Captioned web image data
>>>>
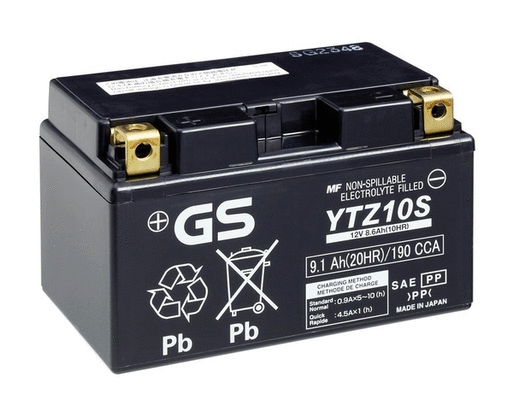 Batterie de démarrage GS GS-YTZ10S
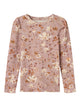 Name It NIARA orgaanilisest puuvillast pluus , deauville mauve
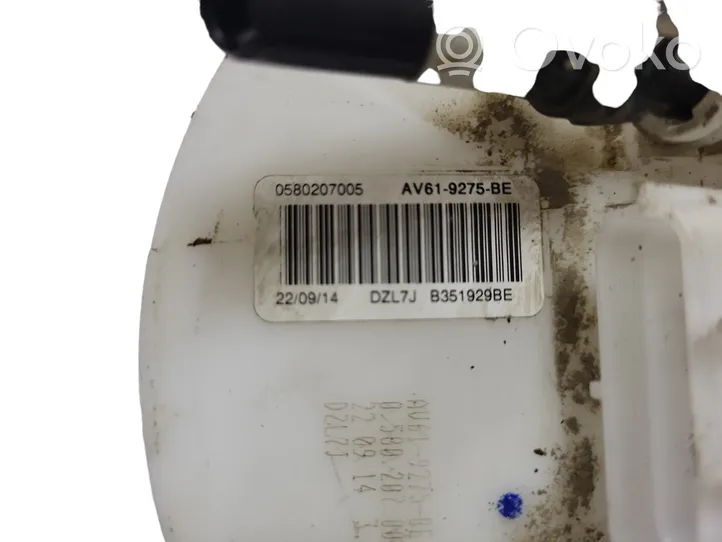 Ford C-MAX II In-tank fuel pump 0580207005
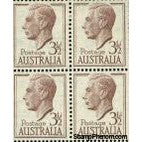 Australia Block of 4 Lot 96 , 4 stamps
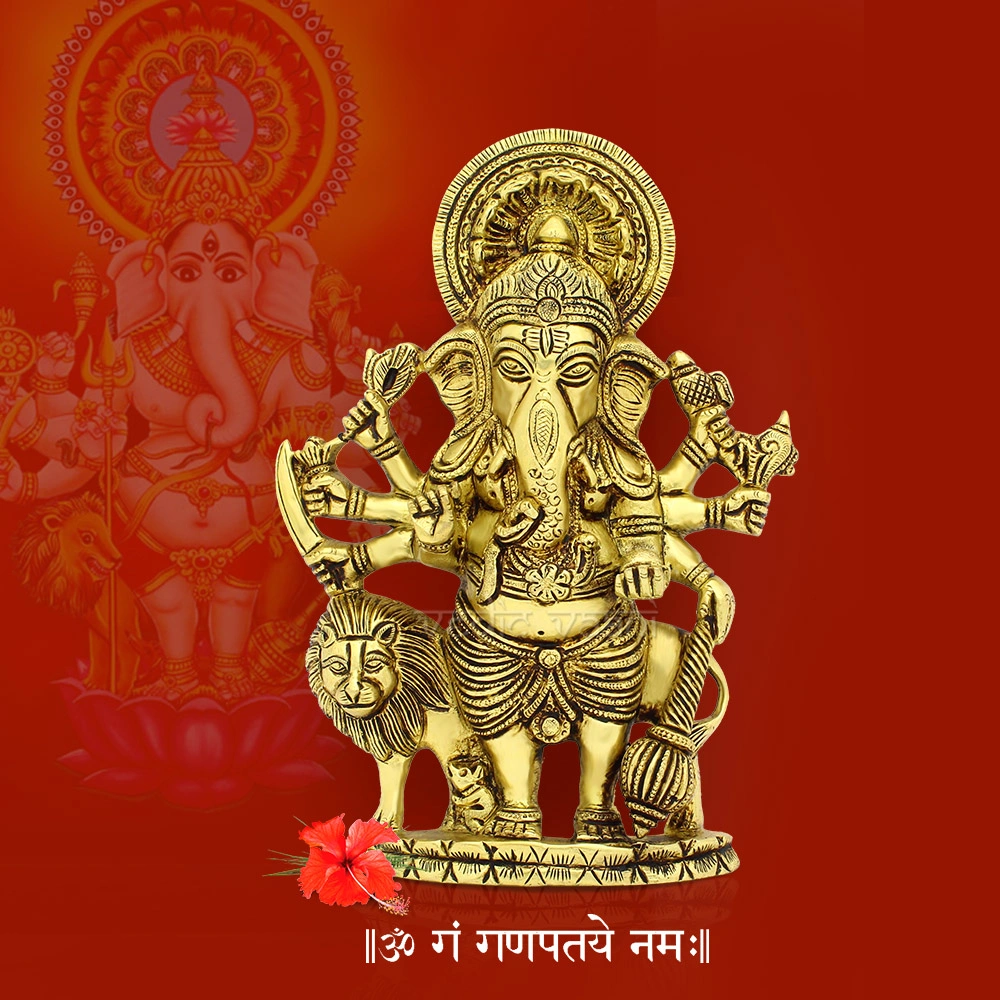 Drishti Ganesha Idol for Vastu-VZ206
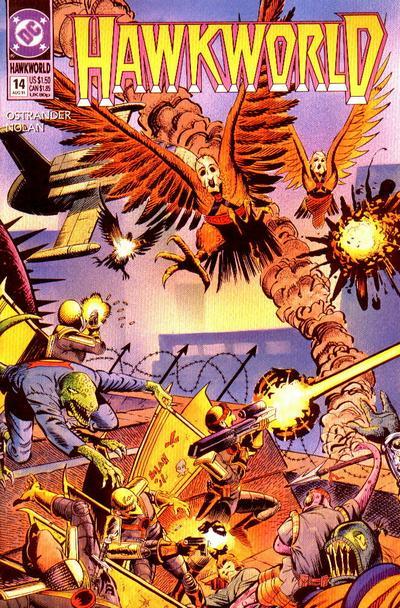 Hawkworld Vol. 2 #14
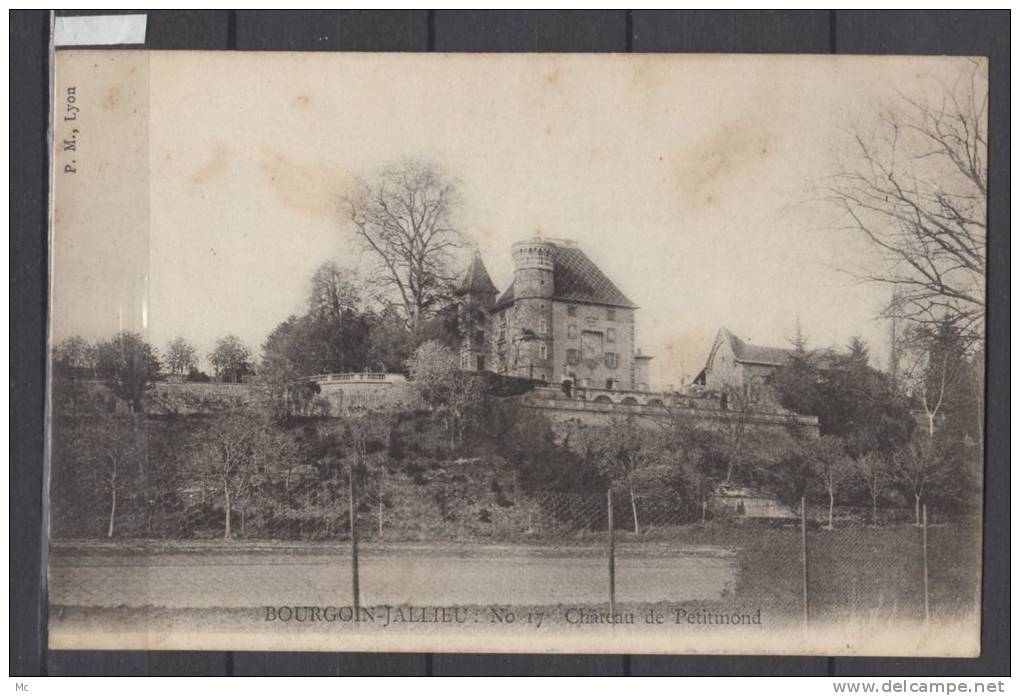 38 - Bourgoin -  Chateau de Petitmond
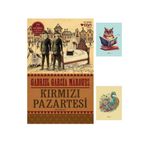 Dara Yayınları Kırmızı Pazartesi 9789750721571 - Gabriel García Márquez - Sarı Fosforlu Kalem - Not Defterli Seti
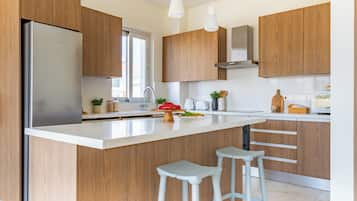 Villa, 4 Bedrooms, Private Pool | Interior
<<<<
The answer must reproduce every line of the records above exactly, with all pictures left out.

▶ **EXPECTED ANSWER**:
 Batterie de démarrage GS GS-YTZ10S
 Name It NIARA orgaanilisest puuvillast pluus , deauville mauve
 Ford C-MAX II In-tank fuel pump 0580207005
 Australia Block of 4 Lot 96 , 4 stamps
 Drishti Ganesha Idol for Vastu-VZ206
 Hawkworld Vol. 2 #14
 38 - Bourgoin -  Chateau de Petitmond
 Dara Yayınları Kırmızı Pazartesi 9789750721571 - Gabriel García Márquez - Sarı Fosforlu Kalem - Not Defterli Seti
 Villa, 4 Bedrooms, Private Pool | Interior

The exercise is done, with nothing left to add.